Liz Outs Self! (Sorta!)

  • Reading gossip, Liz Smith cheerily admits in the prologue to her new book, is for people with a lot of time on their hands--"for leisure, for fun." So reading the memoir of a gossip columnist may be a sign that you should start donating time to charitable work.

    But Natural Blonde (Hyperion; 460 pages; $25.95), for all its starstruck reminiscences (lunch with Richard Burton! Sean Connery in the buff!), promised headline-making dish that had publishing circles abuzz last week about the top-secret book. The 77-year-old gossip queen, the woman who broke the story of Donald and Ivana Trump's marital woes, was going to out herself.

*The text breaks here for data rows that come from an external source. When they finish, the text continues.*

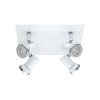 eglo-led-spot-tamara-1-95995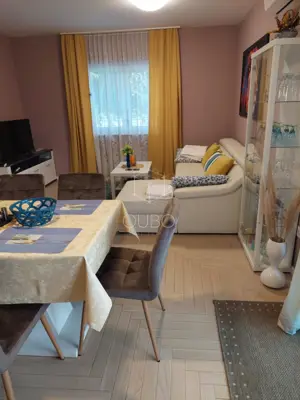 Kuća 92 m², Novigrad - mirna lokacija blizu mora - 14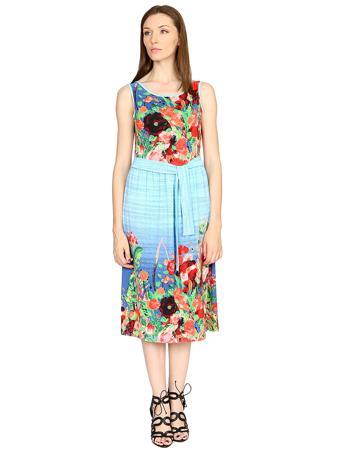 Платье MARI VERA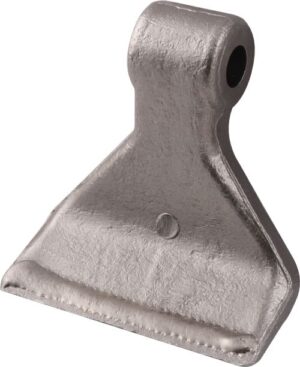 Hammerslagle 120x40mm - PTA
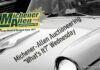 MICHENER-ALLEN AUCTIONEERING MAY 8 “WHAT’S IT?” WEDNESDAY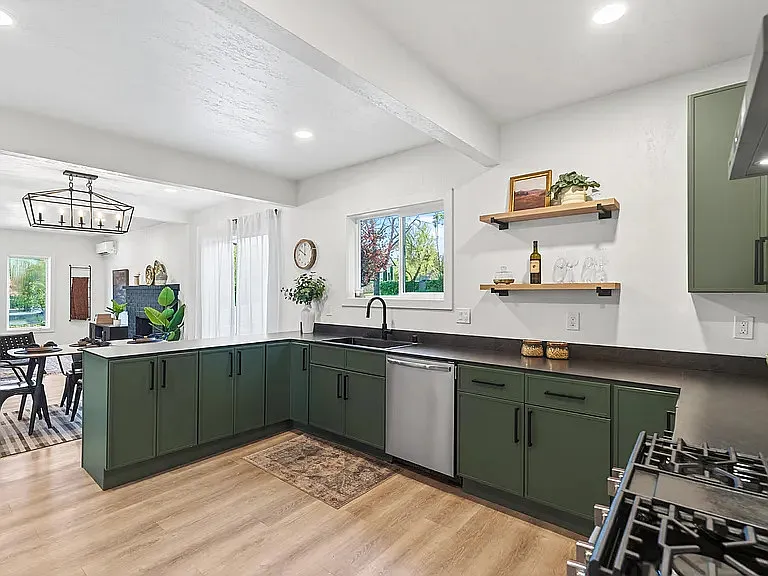 2036 Placer St — Photo 12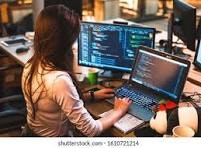 Trisha Birnel Stephen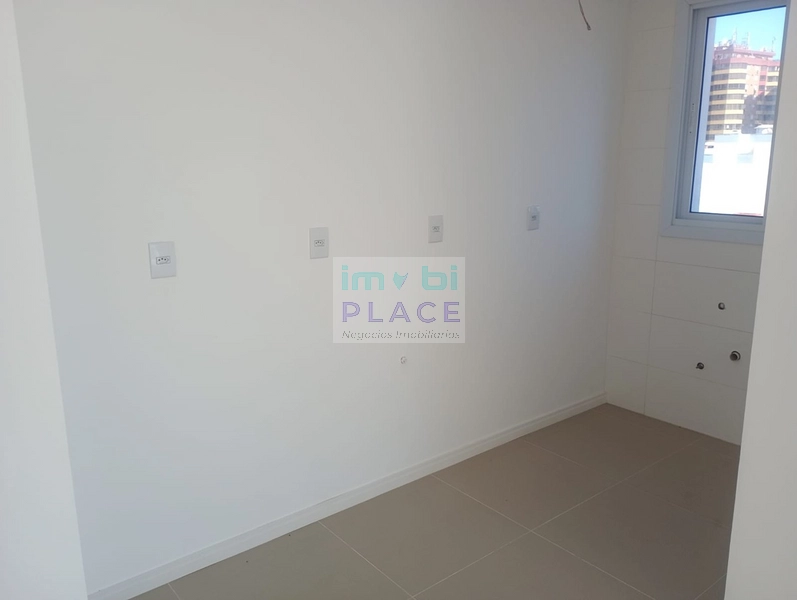 Apartamento à venda no Centro: 4ª foto da galeria de imagens do imóvel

    As a natural brunette? Yes. (We knew it!) As a bisexual? Uh...kinda. If you can call this coming out, it is one of the weirder comings-out in the history of the genre. Smith writes of a doomed youthful romance with a fellow female student at the University of Texas; their parents read their love letters and forced the two apart. Yet she writes about her longtime roommate, the archaeologist Iris Love, with puzzling coyness. She dismisses Kitty Kelley's insinuation, in a book on Nancy Reagan, that Love and Smith were a couple ("a fantastic aside that I had been 'living openly for years with another woman in New York'") without flatly denying it ("I didn't quite get this stupid and arcane implication, but on the other hand, I did"). She writes of 15 years of living in "close companionship," but she calls Love nothing more amorous than her "pal." Is she hiding something? Leading us on?

    And why--if one can seriously ask the question in a Liz Smith review--is it any of our business? Gay activists have criticized the columnist (whom they long maintained was gay) for helping celebrities keep closeted by passing on their stories of heterosexual relationships, implying that homosexuality is the one secret too filthy for even a gossip to reveal. Smith says that she has always opposed outing--she once helped Rock Hudson "counter-blackmail" a woman who threatened to expose him--and that she doesn't like to define herself in terms of her love life. So why write about her two marriages or her childhood "molestation" by an older cousin ("I had rather enjoyed it")?

    Well, our prurient, inappropriate concern did add a buzz to an overlong buffet of stardust memories. Smith dishes--remembering, for instance, a farcical night dropping acid with actress Holland Taylor. But she does it, generally, with obsequious reverence and block-that-metaphor prose (Joan Crawford was "her own nebula--a woman who hauled herself up by her bootstraps and created her glittering star self from scratch"). That soft touch has made her the Barbara Walters of gossip, with access to match. "[W]ouldn't you rather I dealt with it Liz Smith-style?" she asks subjects. After a few hundred pages, it becomes a little much--and that's before Smith shares her thoughts on religion. Still, if you like worshipful, '40s-style celebrity journalism and old-Hollywood glamour--Smith's career spans anecdotes of Tallulah Bankhead, Elizabeth Taylor and Julia Roberts--this book may be for you.

    Or you could go build a house with Habitat for Humanity. Just kidding.